____ Given records

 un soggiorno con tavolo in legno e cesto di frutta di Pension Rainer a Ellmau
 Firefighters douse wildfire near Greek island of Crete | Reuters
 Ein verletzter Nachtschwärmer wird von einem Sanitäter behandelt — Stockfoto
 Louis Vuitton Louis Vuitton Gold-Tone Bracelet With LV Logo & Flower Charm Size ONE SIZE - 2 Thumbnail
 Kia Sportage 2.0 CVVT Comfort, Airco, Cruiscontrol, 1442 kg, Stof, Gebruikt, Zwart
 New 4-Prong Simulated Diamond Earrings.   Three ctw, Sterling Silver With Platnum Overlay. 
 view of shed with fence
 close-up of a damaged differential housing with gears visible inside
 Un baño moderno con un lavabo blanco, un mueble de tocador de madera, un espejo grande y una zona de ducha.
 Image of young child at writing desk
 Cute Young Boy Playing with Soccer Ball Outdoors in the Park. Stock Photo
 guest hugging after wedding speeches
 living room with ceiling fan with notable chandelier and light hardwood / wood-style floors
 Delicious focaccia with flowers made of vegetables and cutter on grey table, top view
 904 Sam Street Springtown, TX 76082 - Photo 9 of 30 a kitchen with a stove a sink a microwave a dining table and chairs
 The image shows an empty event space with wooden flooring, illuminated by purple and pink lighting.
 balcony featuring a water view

________

What you are asked to do => Reproduce exactly the lines from the one containing "close-up of a" through the last line of the records above, including both, and nothing else.

Reply =>
 close-up of a damaged differential housing with gears visible inside
 Un baño moderno con un lavabo blanco, un mueble de tocador de madera, un espejo grande y una zona de ducha.
 Image of young child at writing desk
 Cute Young Boy Playing with Soccer Ball Outdoors in the Park. Stock Photo
 guest hugging after wedding speeches
 living room with ceiling fan with notable chandelier and light hardwood / wood-style floors
 Delicious focaccia with flowers made of vegetables and cutter on grey table, top view
 904 Sam Street Springtown, TX 76082 - Photo 9 of 30 a kitchen with a stove a sink a microwave a dining table and chairs
 The image shows an empty event space with wooden flooring, illuminated by purple and pink lighting.
 balcony featuring a water view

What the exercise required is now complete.